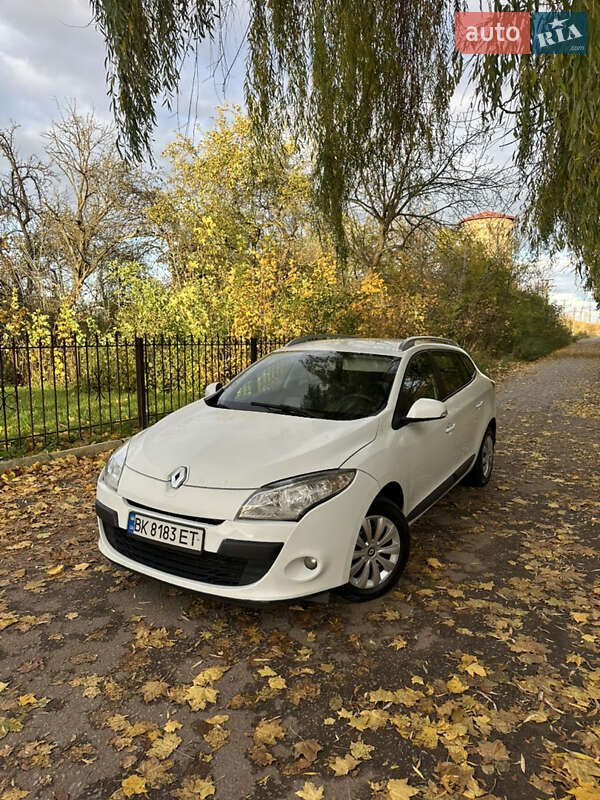 Універсал Renault Megane 2010 в Радивиліві фото 3 Універсал Renault Megane 2010 в Радивиліві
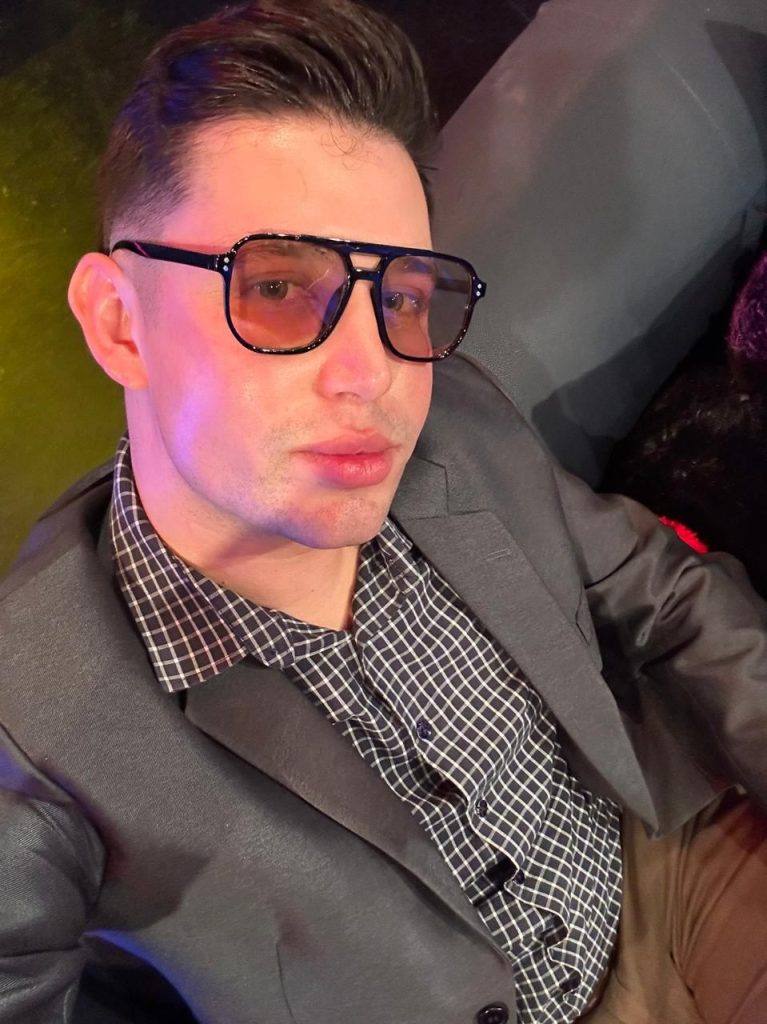Rodrigo Coronil, el “Chipero Cheto”, responde a las críticas sobre su fama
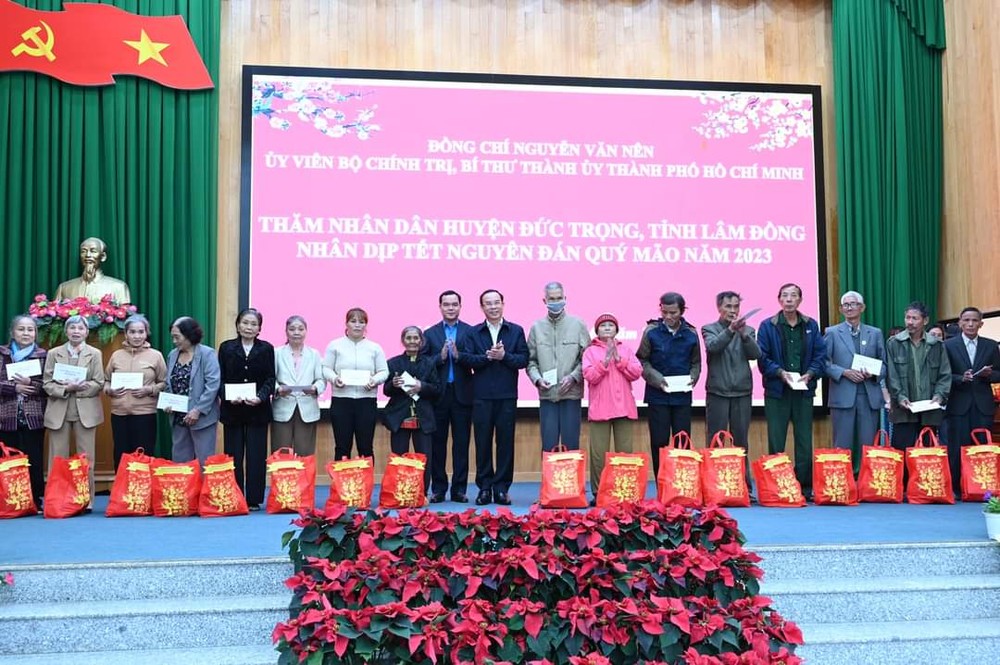 市委书记阮文年探望林同省同胞与赠送春节礼物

Problem description: What is needed is every line of the data above, set down exactly but with the images left out.

Output below:
 Універсал Renault Megane 2010 в Радивиліві фото 3 Універсал Renault Megane 2010 в Радивиліві
Rodrigo Coronil, el “Chipero Cheto”, responde a las críticas sobre su fama
 市委书记阮文年探望林同省同胞与赠送春节礼物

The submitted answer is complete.